Nice. And it satisfies my curiosity about whether trading firms are switching to...

bitcharmer · on April 22, 2022

In HFT single-threaded performance is king so that's why we're all still on Intel. AMD is making progress but not just quite there yet.

kolbe · on April 22, 2022

Huh. My experience has been that AMD wins that unless your application is so small that it can fit into Intel's smaller cache. And the new 3D architecture from AMD I thought would make your developers drool, allowing them to actually inline everything instead of being scared of building apps that are too big to fit into cache

bitcharmer · on April 22, 2022

Not my experience at all and I work across different teams who own different latency sensitive apps. Most of them have unhygienically huge working sets.

cgaebel · on April 22, 2022

To be clear: bitcharmer says "we" to mean "fellow HFTs" not "Jane Street".

bitcharmer · on April 22, 2022

Yes. Thanks, should have made that more explicit.

isogon · on April 22, 2022

For low-latency strategies, AMD's lack of DDIO [0] makes it a non-starter. The memory latency is a big gap to close.

[0] https://www.intel.com/content/www/us/en/io/data-direct-i-o-t...

kolbe · on April 22, 2022

Do you know this for a fact? I've done some work in the industry where I needed to make fast software, but never the like sub-microsecond tick-to-trade type fast, so I really don't know.

There was a great presentation from 2017 about some of Optiver's low latency techniques[1]. I had assumed they released it because the had obviated all of them by switching to FPGAs, but I don't know. Either way, he suggested that if you ever needed to ping main memory for anything, you already lost. So, I wouldn't have thought DDIO plays into their thinking much.

[1] https://www.youtube.com/watch?v=NH1Tta7purM

isogon · on April 22, 2022

The idea is precisely that you want to avoid pinging main memory at all, which is possible (in the happy case) if you do things correctly with DDIO. Not everything is done in hardware where I am. I am wary of saying much because my employer frowns on it, and admittedly I work on the software more than the hardware, but DDIO is certainly important to us.

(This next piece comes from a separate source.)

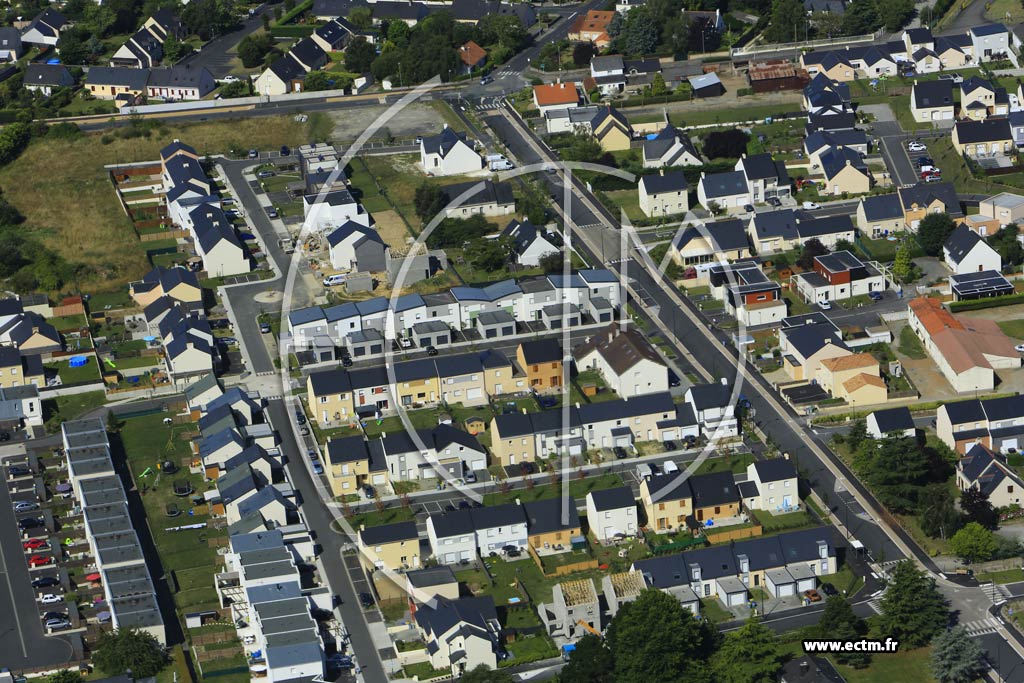 Photo arienne de Sainte-Luce-sur-Loire (la Viauderie)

b20000 · on April 22, 2022

how do you access this DDIO feature if you are writing a C or C++ application? intrinsics?

tbr1 · on April 22, 2022

DDIO operates mostly transparently to software, with the I/O controller feeding DMAs into a slice of L3. Hardware can opt out by setting PCIe TLP header hints, and you have some system-wide configurability via MSRs, but it's not something a userspace application can take into its own hands.

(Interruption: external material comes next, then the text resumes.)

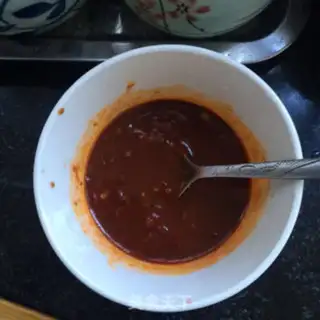 Make Soy sauce. Tofu step 2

b20000 · on April 22, 2022

so is this taken advantage of by the OnLoad drivers of solarflare cards, for example?

isogon · on April 24, 2022

Noticed this just now. It is.

medawsonjr · on April 25, 2022

It's configurable via MSR. You can also disable it system-wide or on a PCIe port basis. I detailed it all here:

https://www.jabperf.com/skip-the-line-with-intel-ddio/

jeffbee · on April 22, 2022

I don’t know that this definitively answers that question. It’s possible to use a different architecture based on cost/performance and keep a small population of Intel machines in service because you want access to their superior PMUs. Most of what you learn on the latter would still apply to the former.